The best new singles this week
Our writers serve up their ultimate selections

SINGLE OF THE WEEK
2lanes – Sid Ranger Redux (Psychic Relief)
It’s only been relatively recently that 2lanes has cropped up on our radar, slipping out wares on high-grade Detroit label Portage Garage Sounds and taking part in the excellent Overtone Series record from last year. While he displays a certain toughness readily associated with house and techno from the Motor City, 2lanes has a weirdo instinct which pushes his music into idiosyncratic territory. This new release for Psychic Relief – the second on the 2023-fresh label – confirms this impression across four adventurous cuts which would easily make their mark in a set without disturbing the flow.
It’s clear from the tightly compressed, broken pressure of ‘Sid Ranger Redux’ 2lanes is here to incite maximum energy, but it’s the atmospheric layering behind the drums which really lifts the track. There’s a spiritual, pastoral quality to the sound which taps into dance music’s primal magnetism, making this much more than straight-up gnarly machine music. Similarly, ‘Silk Over Rust (Texture Mix)’ has plenty of tracky focus in its beat, but beyond that there are fluttering flute licks and sparkling pings which bring a light, playful element to the sound.
‘Treacle’ heads towards slower chug territory with a dexterous beatdown loaded with low end charm, while the pad sounds come on like wailing wraiths wreaked from mangled circuitry. Zooming in on a certain punk-schooled spirit inherent in his overall approach, ‘Rabbit’s Foot’ weaves some strangled guitar tones into the mix and makes the jump seamless from the sonics that came before.
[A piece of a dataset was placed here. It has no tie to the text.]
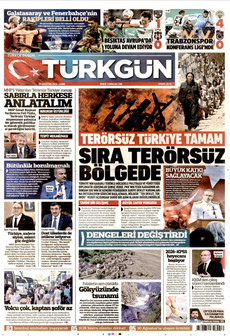 TÜRKGÜN 28 Ağustos 2026 Gazete Manşeti Küçük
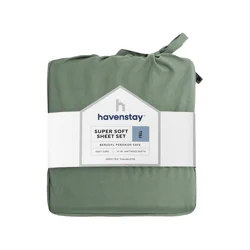 Havenstay Sheets, Full, Green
If you value bold personality in your 4/4, 2lanes has got you covered. Every tune crackles with urgency and a thirst for the unusual, while the grooves themselves are tooled up to the nines, physical as you could ever want it with more than enough psychic manipulation for your unsuspecting grey matter.
OW

Karenn – Everything Is Curly (Voam)
When they’re not busy launching themselves into futurist metal projects Blawan and Pariah also like to make techno together. Their Persher project from last year, which emerged on Thrill Jockey in a squall of deathly vocals and freakily processed guitar crunch, actually helped join some dots with the weird DNA that feeds into their solo and collaborative club sounds. Blawan’s especially been stretching his legs away from de rigeur techno with Boschian releases on XL, and at this point the shared Voam label seems a comfortable playground for them to do what the hell they like. That’s a great environment for inventive artists to be in, fully in control of their output and able to indulge their idiosyncrasies.
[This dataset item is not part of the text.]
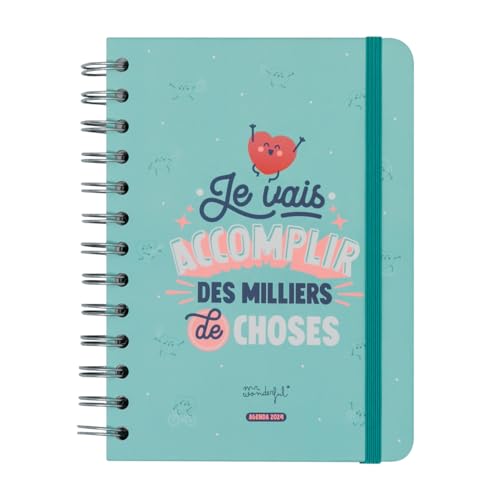 Mr.Wonderful - Agenda Wonder 2024 Semana - Voy a lograr... - Fournitures Bureau Amazon Espagne à 5.67€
The consistent oddball in-joke thread of their release titles speaks volumes for the weird mind-meld they exhibit, from 2019’s Grapefruit Regret to 2020’s Music Sounds Better With Shoe, and now after a three-year gap Karenn return with Everything Is Curly. When you consider the early days of their slammers on She Works The Long Nights, there’s a prominent emphasis on fun which comes springing out of ‘Feeling Horizontal’ with its uncredited vocal sample about “wasting time.” It’s a little kitsch and catchy as hell, sure to wrinkle a few snobby noses in the dance but echoing the same instinct for a hit as the likes of ‘Why They Hide Their Bodies Under My Garage’.
‘Happy Birthday’ finds its own hook in a distorted flute sort of sound, although it’s just as likely wrangled from somewhere deep in the reeds of their considerable modular rigs. What’s more noticeable here is the sonic make-up of the track – for all the globular sound design in the meltdown, there’s a raw, slightly tinny quality to the drums which feels more indebted to rock music than 909-oriented techno. In the end, fitting the prescribed idea of ‘techno’ seems way down the list of priorities for the pair.
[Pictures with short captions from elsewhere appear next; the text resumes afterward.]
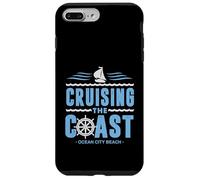 Carcasa para iPhone 7 Plus/8 Plus Crucero por la Costa Ocean City Beach Maryland Velero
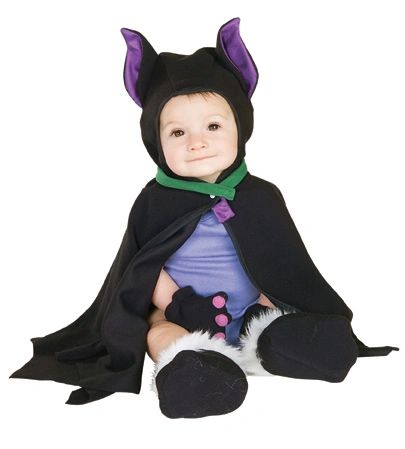 *Lil Baby Bat Costume, Hooded Cape, Infant 3-12 months - Halloween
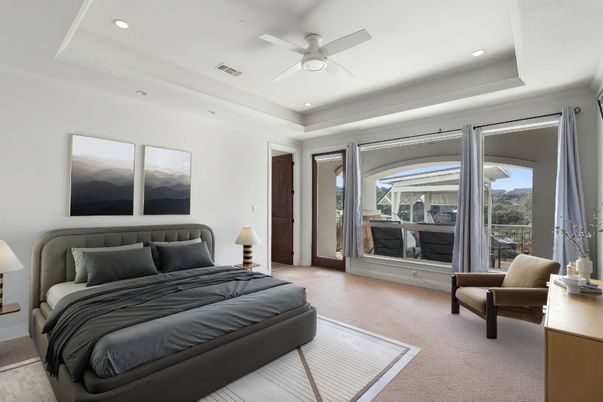 Bedroom, Interior, Recessed Lighting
There’s rowdy, wonky techno fireworks to knock you sideways on ‘From Hunk To Husk’ and a veritable swamp to get submerged in via ‘When Lutes Were A Thing’, by which point every cross-eyed swerve and lopsided hook sounds like a logical development. For all the flamboyance and surrealism, though, Karenn never let a track derail into pure novelty. They’ve got the chops to paint striking shapes in vivid colours, and they gleefully bait the pitfalls into gimmicks and goofball sonics even as they ably side-step them.
OW

Bottin – Artifact 19 (Artifact)
When physical music media are treated as “artifacts” – relics made to preserve and document ideas – we’re always interested. Dutch dance music pushers Artifact do just as much, and over the course of 18 releases so far before this one, have succeeded in carving out their own niche in reliquary weirdo disco, combining it with Medieval imagery while pushing the work of fellow Dutch legionaries including Cristalli Liquid and Love Supreme. Often, these are aliases of the same artist, Guglielmo Bottin.
Now comes the unearthing of the 19th “artifact” by Bottin’s regular label alias: simply, Bottin. Owing to its otherworldly sound, we allege it to have been found in a casket in a remote ruin somewhere deep in one of the few Dutch wildernesses that still exist today. Jokes aside, this is a uniquely alien Italo disco release, though its extraterrestriality isn’t immediately clear. The underlying acid line on the opener ‘Dulce De Luna’ could easily be missed if one hasn’t yet fashioned a well-enough ear for low-lying frequencies such bass; everything else in the track is suitably Italo, with fanfaring brasses and a repetitiously sultry vocal line grabbing attention on the top end.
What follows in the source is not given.